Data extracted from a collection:
++++++

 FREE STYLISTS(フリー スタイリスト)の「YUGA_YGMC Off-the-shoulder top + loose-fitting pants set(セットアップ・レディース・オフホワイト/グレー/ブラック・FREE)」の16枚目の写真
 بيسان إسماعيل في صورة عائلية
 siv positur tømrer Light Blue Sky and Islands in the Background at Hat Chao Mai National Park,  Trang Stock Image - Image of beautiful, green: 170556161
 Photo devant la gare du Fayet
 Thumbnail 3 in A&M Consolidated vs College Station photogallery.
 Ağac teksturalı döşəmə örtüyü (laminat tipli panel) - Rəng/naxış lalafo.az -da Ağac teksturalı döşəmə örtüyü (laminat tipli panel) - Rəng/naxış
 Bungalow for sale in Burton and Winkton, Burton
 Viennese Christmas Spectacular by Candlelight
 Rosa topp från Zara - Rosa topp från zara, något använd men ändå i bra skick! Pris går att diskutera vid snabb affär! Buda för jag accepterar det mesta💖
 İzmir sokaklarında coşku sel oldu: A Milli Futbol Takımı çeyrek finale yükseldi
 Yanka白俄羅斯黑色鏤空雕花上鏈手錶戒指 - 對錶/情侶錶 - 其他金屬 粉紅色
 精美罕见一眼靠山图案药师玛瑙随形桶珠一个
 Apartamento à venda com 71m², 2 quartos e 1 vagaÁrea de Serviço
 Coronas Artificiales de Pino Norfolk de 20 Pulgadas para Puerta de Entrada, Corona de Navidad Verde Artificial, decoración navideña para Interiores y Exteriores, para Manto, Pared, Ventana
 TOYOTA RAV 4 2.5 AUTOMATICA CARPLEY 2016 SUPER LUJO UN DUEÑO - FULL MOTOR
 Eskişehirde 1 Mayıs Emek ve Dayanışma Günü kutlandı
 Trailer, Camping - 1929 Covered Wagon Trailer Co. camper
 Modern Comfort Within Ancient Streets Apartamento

++++++

**YOUR ASSIGNMENT**
Using the entries above, give again each line from the one containing "Yanka白俄羅斯黑色鏤空雕花上鏈手錶戒指 - 對錶/情侶錶 - 其他金屬 粉紅色" through the last line, exactly and only those.

**OUTPUT OF THE EXERCISE**
 Yanka白俄羅斯黑色鏤空雕花上鏈手錶戒指 - 對錶/情侶錶 - 其他金屬 粉紅色
 精美罕见一眼靠山图案药师玛瑙随形桶珠一个
 Apartamento à venda com 71m², 2 quartos e 1 vagaÁrea de Serviço
 Coronas Artificiales de Pino Norfolk de 20 Pulgadas para Puerta de Entrada, Corona de Navidad Verde Artificial, decoración navideña para Interiores y Exteriores, para Manto, Pared, Ventana
 TOYOTA RAV 4 2.5 AUTOMATICA CARPLEY 2016 SUPER LUJO UN DUEÑO - FULL MOTOR
 Eskişehirde 1 Mayıs Emek ve Dayanışma Günü kutlandı
 Trailer, Camping - 1929 Covered Wagon Trailer Co. camper
 Modern Comfort Within Ancient Streets Apartamento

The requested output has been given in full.